Y. L. – La plupart des metteurs en scène et les producteurs du pays ont décidé de ne pas y aller et de s'abstenir des prix d'Etat pour faire un peu pression.
i-GR. – Vous voulez dire que l'intervention de l'Etat grec dans le Cinéma n'est pas satisfaisante ? Alors que le Centre du Cinéma grec (EKK) est le principal financeur des films… Qu'est-ce que l'Etat peut faire de plus ?

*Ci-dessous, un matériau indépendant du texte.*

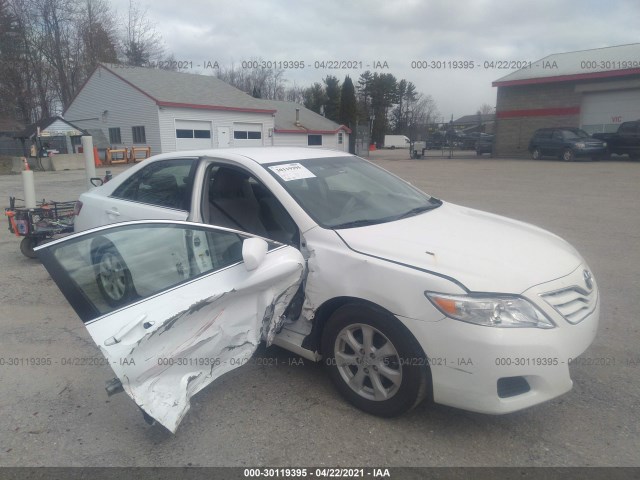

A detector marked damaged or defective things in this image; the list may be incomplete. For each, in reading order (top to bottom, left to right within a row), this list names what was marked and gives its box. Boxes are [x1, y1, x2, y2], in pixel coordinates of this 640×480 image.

damaged car door [35, 219, 304, 434]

Y. L. – Certes, mais c'est justement ce que nous voulons changer. Qu'il y ait une nouvelle loi qui favorise les productions cinématographiques et l'investissement privé. Actuellement, il n'y a aucune incitation aux producteurs pour qu'ils investissent dans le cinéma. Il faudrait envisager des allégements fiscaux pour ce type d'investissements. Mais il y a aussi d'autres problèmes. Une contribution de 1,5% prévue pour les chaînes de TV qu'elles ne versent pas. Il y a, enfin, les dépenses de fonctionnement du Festival de Thessalonique qui sont disproportionnées par rapport aux sommes investies dans la production.
i-GR – En même temps, la plupart des films présentés à Thessalonique laissaient à désirer, tant par leur qualité artistique que par les sujets abordés… Et, passé le Festival, le public n'était pas au rendez-vous. On produit actuellement en Grèce, à peine une dizaine de longs-métrages par an. Nous sommes loin de la centaine qu'on y produisait du temps de l'âge d'or du cinéma grec, dans les années 60.
Y. L. – Bien entendu, en Grèce, des films comme le mien ne peuvent gagner de l'argent. Mais l'important est que des films se fassent, qu'ils existent. C'est vrai qu'il y a eu beaucoup de mauvais films. Cela est dû en grande partie au mode de financement et au fonctionnement du Centre du Cinéma grec. Lorsque l'Etat est le seul partenaire, à terme, il n'y a pas beaucoup de variété dans la production. Puis, en Grèce, il n'y a pas d'éducation cinématographique. Il n'y a pas une Académie du Cinéma digne de ce nom.
i-GR – Néanmoins, Canine a été financé grâce à la contribution du Centre du Cinéma...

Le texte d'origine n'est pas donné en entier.